Что бы вы ни сделали, вы всегда найдёте мудрые цитаты из классиков, подтверждающие вашу полную, безоговорочную правоту.
Писать ради денег – всё равно что ради денег любить. Впрочем, многие делают и то, и другое…
Отзыв писателя на вещь коллеги – чаще всего вкусовщина, которую он выдаёт за величайшую, высочайшую и единственно возможную в этом мире истину.
Попса – это то, что все на людях ругают и втайне слушают.
Как известные, так и неизвестные авторы могут быть и хорошими, и плохими. Единственное, что их отличает, это известность.
Вымышленная трагедия одного в ярком романе потрясает куда больше, чем реальная трагедия ста тысяч в сводке новостей.
Заботиться в искусстве лишь о том, чтобы в очередной раз донести до мира «вечные ценности», – лучший способ быть обласканным современниками и забытым потомками.
Чем лучше ты разбираешься в каком-либо виде искусства, тем меньше произведений в нём тебе нравится. Верх профессионализма – это когда не радует уже вообще ничего.

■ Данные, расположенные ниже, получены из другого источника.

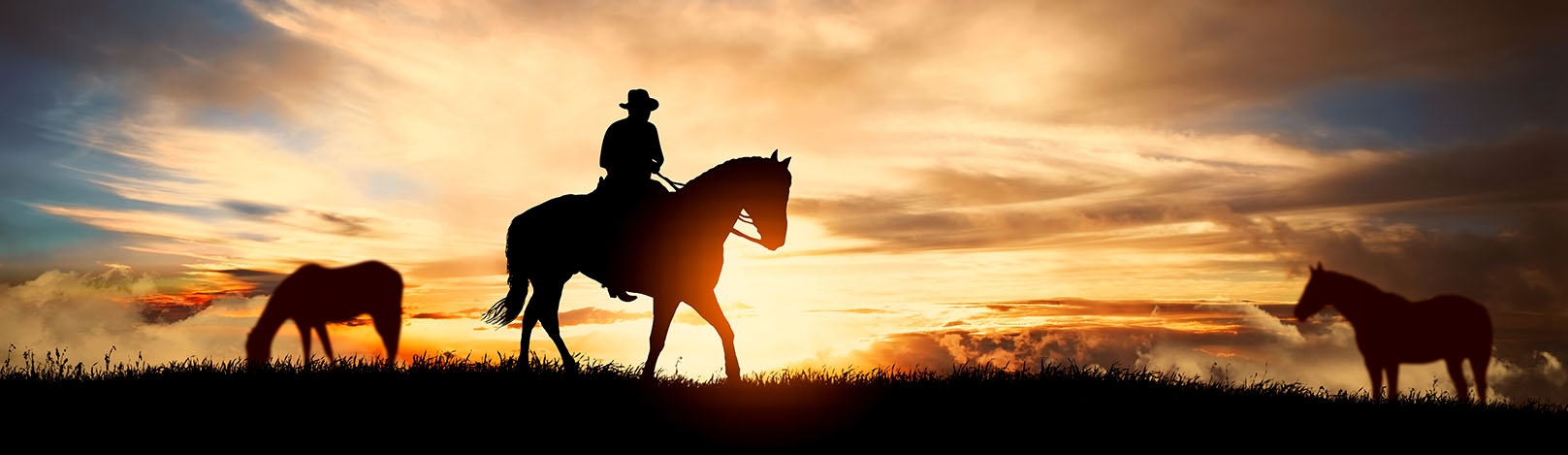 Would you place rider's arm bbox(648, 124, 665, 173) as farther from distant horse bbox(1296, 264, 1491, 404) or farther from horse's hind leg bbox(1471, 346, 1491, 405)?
horse's hind leg bbox(1471, 346, 1491, 405)

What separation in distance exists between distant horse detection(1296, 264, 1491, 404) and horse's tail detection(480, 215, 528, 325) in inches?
519

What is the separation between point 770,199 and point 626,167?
6.32 ft

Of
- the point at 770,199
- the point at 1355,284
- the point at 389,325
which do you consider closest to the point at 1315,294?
the point at 1355,284

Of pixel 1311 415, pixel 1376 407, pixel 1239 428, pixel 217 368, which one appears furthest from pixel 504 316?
pixel 1376 407

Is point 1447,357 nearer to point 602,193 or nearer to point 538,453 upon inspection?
point 602,193

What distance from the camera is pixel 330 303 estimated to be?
15188mm

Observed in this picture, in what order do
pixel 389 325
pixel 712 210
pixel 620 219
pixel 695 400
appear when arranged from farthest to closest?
pixel 389 325 → pixel 620 219 → pixel 712 210 → pixel 695 400

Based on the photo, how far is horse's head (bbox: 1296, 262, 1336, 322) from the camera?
16.8 metres

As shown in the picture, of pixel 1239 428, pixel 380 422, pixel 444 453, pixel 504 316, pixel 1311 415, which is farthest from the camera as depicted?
pixel 504 316

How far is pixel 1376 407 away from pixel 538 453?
30.9 ft

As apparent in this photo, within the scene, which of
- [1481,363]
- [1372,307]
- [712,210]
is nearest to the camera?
[712,210]

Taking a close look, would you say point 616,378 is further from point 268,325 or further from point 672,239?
point 268,325

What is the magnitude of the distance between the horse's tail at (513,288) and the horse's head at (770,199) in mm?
3464

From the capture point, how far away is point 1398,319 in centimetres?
1627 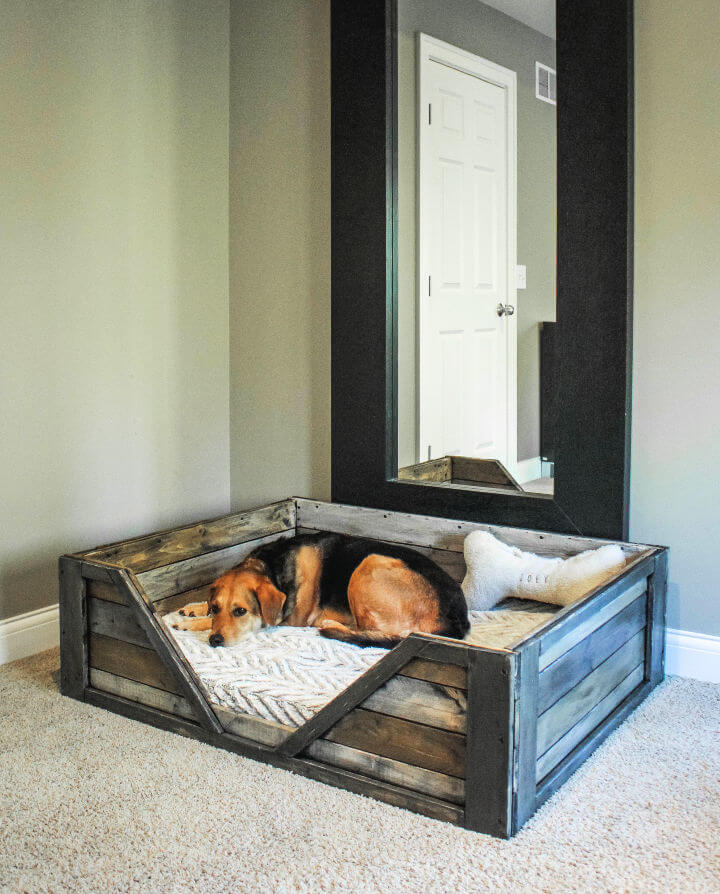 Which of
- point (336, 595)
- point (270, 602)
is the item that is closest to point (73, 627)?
point (270, 602)

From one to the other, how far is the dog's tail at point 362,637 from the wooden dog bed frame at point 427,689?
40 centimetres

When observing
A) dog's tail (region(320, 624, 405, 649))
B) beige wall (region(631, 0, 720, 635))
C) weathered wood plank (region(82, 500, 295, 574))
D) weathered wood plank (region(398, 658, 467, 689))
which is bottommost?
dog's tail (region(320, 624, 405, 649))

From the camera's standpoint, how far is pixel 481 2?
8.61ft

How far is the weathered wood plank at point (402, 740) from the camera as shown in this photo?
1.79 m

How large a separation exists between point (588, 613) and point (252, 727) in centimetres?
80

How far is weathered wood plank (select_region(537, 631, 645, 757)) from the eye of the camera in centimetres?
186

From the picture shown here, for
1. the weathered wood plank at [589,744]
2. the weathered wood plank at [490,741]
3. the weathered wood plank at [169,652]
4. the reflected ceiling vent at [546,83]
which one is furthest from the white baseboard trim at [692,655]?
the reflected ceiling vent at [546,83]

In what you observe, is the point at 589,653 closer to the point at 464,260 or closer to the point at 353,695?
the point at 353,695

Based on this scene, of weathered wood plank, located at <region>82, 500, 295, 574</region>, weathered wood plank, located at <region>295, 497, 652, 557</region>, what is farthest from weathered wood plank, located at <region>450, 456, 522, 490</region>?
weathered wood plank, located at <region>82, 500, 295, 574</region>

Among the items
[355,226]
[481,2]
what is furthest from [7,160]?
[481,2]

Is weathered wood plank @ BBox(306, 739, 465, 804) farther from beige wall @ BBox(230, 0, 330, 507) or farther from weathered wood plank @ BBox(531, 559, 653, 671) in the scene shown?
beige wall @ BBox(230, 0, 330, 507)

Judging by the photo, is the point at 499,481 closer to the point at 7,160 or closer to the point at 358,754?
the point at 358,754

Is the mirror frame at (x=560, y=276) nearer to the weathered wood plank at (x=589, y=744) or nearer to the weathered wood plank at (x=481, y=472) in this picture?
the weathered wood plank at (x=481, y=472)

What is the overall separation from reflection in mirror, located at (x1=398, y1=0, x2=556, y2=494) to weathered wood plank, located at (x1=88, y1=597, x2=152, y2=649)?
1.10 metres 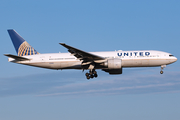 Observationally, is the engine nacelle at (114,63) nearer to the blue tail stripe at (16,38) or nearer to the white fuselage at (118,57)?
the white fuselage at (118,57)

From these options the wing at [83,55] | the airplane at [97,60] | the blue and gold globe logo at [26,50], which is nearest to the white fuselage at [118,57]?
the airplane at [97,60]

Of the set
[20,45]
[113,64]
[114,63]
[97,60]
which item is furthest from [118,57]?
[20,45]

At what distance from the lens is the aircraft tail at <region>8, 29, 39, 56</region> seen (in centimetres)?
4816

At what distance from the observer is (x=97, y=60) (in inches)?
1702

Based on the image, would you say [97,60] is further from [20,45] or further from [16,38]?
[16,38]

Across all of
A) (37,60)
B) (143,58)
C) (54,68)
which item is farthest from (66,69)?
(143,58)

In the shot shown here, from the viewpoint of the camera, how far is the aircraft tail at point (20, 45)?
158 ft

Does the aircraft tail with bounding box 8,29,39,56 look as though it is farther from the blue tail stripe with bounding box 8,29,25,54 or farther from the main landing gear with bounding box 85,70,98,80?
the main landing gear with bounding box 85,70,98,80

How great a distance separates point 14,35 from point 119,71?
17976mm

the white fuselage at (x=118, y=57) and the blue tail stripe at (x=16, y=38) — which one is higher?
→ the blue tail stripe at (x=16, y=38)

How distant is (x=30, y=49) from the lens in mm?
48312

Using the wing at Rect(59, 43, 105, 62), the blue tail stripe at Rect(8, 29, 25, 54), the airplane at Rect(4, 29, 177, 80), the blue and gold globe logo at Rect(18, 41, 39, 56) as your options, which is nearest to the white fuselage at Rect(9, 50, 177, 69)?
the airplane at Rect(4, 29, 177, 80)

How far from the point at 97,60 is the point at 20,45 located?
13761 mm

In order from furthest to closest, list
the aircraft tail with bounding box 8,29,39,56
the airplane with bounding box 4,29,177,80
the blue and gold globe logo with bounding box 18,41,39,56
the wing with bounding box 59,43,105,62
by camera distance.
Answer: the aircraft tail with bounding box 8,29,39,56
the blue and gold globe logo with bounding box 18,41,39,56
the airplane with bounding box 4,29,177,80
the wing with bounding box 59,43,105,62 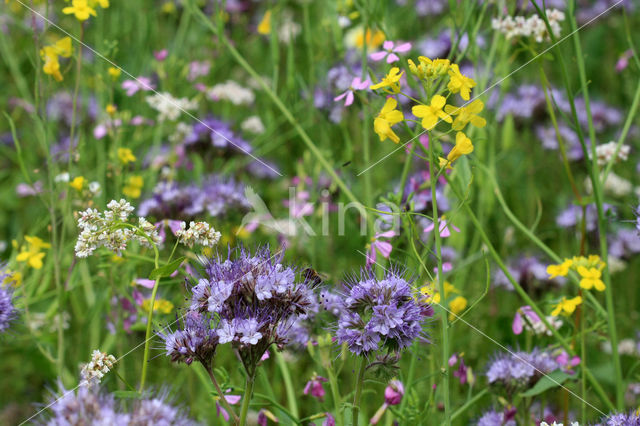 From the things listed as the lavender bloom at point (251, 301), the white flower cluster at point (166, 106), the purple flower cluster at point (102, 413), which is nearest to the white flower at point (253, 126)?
the white flower cluster at point (166, 106)

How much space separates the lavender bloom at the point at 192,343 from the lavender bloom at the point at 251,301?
0.02m

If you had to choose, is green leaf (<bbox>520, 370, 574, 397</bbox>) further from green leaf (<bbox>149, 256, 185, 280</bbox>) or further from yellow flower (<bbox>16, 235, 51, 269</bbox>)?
yellow flower (<bbox>16, 235, 51, 269</bbox>)

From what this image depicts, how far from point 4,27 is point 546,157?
7.30 feet

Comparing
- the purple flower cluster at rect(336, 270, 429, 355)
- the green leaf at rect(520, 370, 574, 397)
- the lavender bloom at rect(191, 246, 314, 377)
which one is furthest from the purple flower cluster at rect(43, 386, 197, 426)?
the green leaf at rect(520, 370, 574, 397)

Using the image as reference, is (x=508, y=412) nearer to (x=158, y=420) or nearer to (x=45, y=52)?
(x=158, y=420)

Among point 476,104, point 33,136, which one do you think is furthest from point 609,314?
point 33,136

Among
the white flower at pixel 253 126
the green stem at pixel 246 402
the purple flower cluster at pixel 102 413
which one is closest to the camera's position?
the purple flower cluster at pixel 102 413

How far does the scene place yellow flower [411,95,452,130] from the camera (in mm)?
916

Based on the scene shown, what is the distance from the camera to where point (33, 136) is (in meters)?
2.48

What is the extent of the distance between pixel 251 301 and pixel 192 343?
0.09 m

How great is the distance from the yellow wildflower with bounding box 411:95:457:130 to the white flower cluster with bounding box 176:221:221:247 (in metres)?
0.31

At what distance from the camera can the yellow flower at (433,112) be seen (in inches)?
36.0

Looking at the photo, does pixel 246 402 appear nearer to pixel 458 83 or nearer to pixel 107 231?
pixel 107 231

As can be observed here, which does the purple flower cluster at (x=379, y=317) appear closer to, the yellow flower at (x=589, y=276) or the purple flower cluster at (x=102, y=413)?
the purple flower cluster at (x=102, y=413) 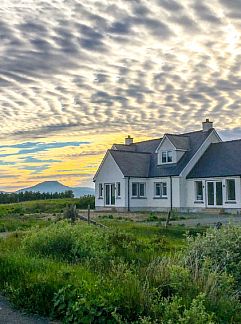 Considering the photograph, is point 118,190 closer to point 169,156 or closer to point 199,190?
point 169,156

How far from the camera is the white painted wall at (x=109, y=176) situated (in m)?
43.4

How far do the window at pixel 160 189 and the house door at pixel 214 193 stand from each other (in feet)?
16.1

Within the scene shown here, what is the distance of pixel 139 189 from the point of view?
44.0 metres

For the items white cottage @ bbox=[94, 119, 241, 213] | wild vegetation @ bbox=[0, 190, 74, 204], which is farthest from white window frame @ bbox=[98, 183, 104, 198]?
wild vegetation @ bbox=[0, 190, 74, 204]

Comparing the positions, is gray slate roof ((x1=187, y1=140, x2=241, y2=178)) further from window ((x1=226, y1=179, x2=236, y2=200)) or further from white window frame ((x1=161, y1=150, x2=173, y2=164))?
white window frame ((x1=161, y1=150, x2=173, y2=164))

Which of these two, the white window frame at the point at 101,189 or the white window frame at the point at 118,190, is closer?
the white window frame at the point at 118,190

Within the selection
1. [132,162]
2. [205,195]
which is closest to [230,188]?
[205,195]

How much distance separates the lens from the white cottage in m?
37.4

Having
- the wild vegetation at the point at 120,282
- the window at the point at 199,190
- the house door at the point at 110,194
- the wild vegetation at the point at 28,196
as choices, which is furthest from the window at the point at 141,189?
the wild vegetation at the point at 120,282

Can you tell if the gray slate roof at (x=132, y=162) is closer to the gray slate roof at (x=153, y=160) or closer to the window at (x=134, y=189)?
the gray slate roof at (x=153, y=160)

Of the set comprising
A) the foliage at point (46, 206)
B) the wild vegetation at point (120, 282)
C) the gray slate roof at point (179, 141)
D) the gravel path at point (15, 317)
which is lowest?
the gravel path at point (15, 317)

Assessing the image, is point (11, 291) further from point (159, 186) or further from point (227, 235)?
point (159, 186)

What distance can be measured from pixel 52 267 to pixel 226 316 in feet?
11.9

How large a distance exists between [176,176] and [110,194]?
25.4ft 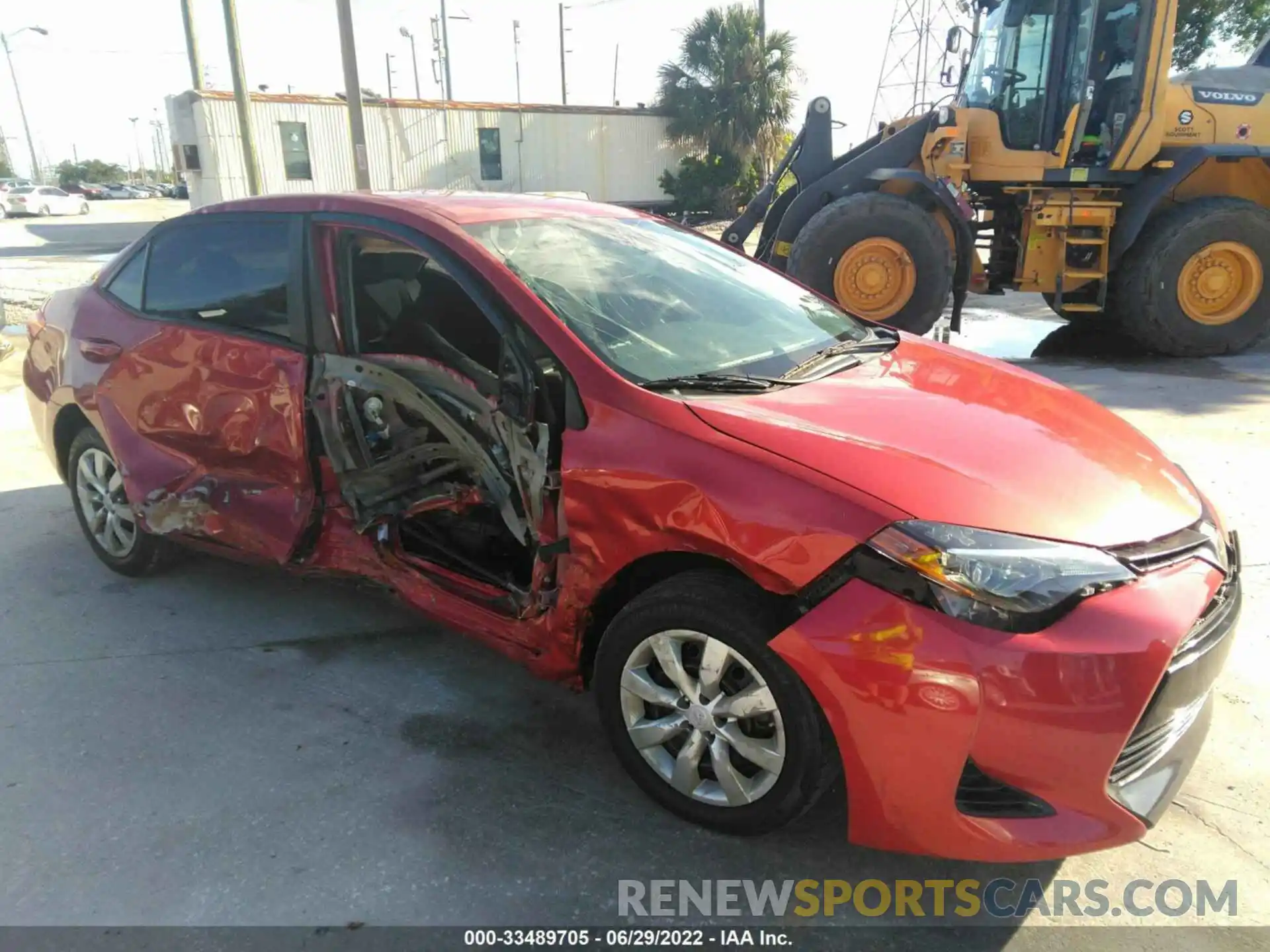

Извращённость – мать искусств.
Книжная полка потомков примиряет даже тех классиков, которые при жизни люто друг друга ненавидели.
Многие деятели искусства – это люди, которые вместо того, чтобы научиться жить, учатся красиво выражать свои страдания.
По словам учёных, лишь 2% талантливых людей реализуют свой дар. Таким образом, в классики выбиваются необязательно самые талантливые, а, скорее, самые упорные и везучие.
Обиды прототипов на авторов проистекают из глубочайшего убеждения первых, что литература – это разновидность поздравительной открытки.
За критикой писателя в адрес коллег по цеху чаще всего стоит банальное раздражение, что кто-то пишет не так, как он.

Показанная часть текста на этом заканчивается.